Stretch of Shadow was a world apart, a nation of marshland seeping like moss over the southwest niche of the Sea of Grass. The arrangement of vine-entangled trees bogged in the mud, water, and reeds omitted any opportunity for direct sunlight.

Of course, winter left little distinction between night and day. With the thick fog that filled the air, barely anything could be seen at all. For some years, the fog of winter enchanted Luka. They were a challenge. While others diminished their impulse for travel, she traveled more during winter than any other season, bending her ear to the voices around her to identify her neighbors solely by their words, finding the bakery not by its painted wooden sign, but by its smell, testing her agility in anticipating someone’s approach before they emerged from the fog. But now, at age eighteen, she was entirely disenchanted. The fog was no longer a shroud of mystery to be mastered; she knew every path, every person, and every mosquito trap. She could mark the exact departure time of any given person from his house, as well as his entire daily route, and his return home.
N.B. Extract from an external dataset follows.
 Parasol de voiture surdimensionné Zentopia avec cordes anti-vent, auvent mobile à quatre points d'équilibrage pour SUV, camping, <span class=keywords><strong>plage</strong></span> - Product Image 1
So it was that Luka’s mind became inclined toward thoughts of the Great Drift. As the winter fogs began to dissipate, all the youth of the town at once were enlightened with the same thought and made preparations. Her older brother Rurik, who had declined the Great Drift in his eighteenth year, was now desperate for the change at age twenty-one. They would take the trip together, leaving behind their parents, their older brother, and their younger sister.
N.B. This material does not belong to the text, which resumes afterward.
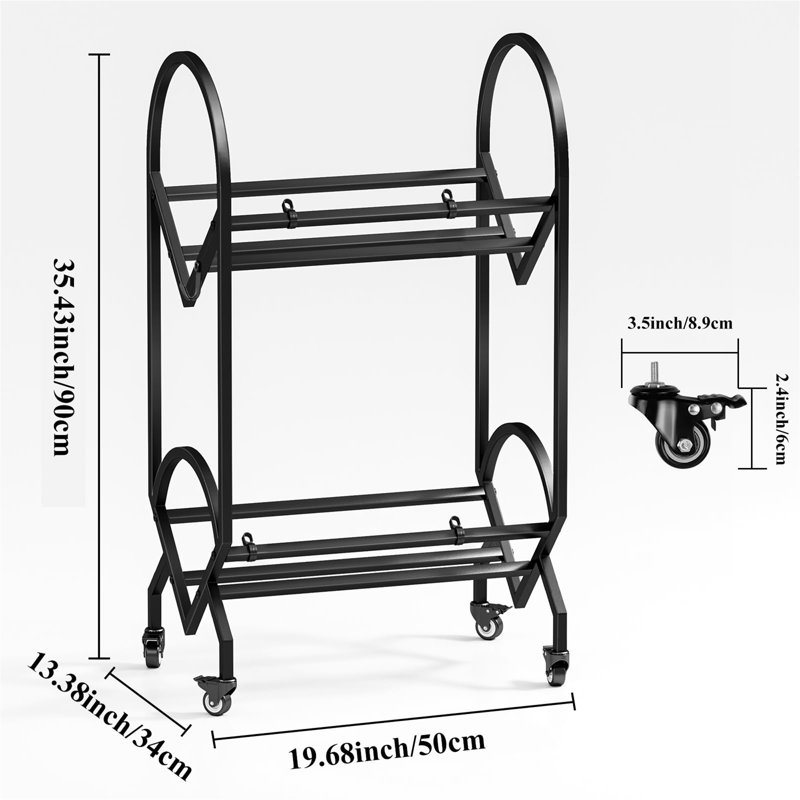 Metal 90cm H Media Shelves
“Let’s take a houseboat!” Luka suggested.

Rurik was not even out of bed. His face was planted into the pillow, his arms dangling off the edges of the bed.

Furrowing her brow, Luka prodded his shoulder. “Rurik!”

He mumbled incoherently and swatted her away.

“Hmph.” Without any warning, she nonchalantly sat onto his back.

He coughed and rose his head. “Get off,” he groaned.

She smiled in satisfaction, rose off his back, then knelt beside the bed to meet his eyes. “I want to take a houseboat for the Great Drift.”

“Luka, those things are so tacky. They’re always chartered to drag you around to every sightseeing spot - I just want to get there.”

“But I want to see all the sights.”

“So you take a houseboat, and I’ll take my own boat.”

“I want you to come with; I want us to end up at the same place.”

Rurik plopped his face back into the pillow, emitting a heavy sigh. He then rolled onto his side and said, “Yes, fine. We’ll take a houseboat. But I get to pick which one.”

In a deliberately annoying singsong voice Luka said, “Thank you, dear brother,” and planted a kiss on his cheek.

He smirked with a slight chuckle. “Oh, just get out of here, would you?”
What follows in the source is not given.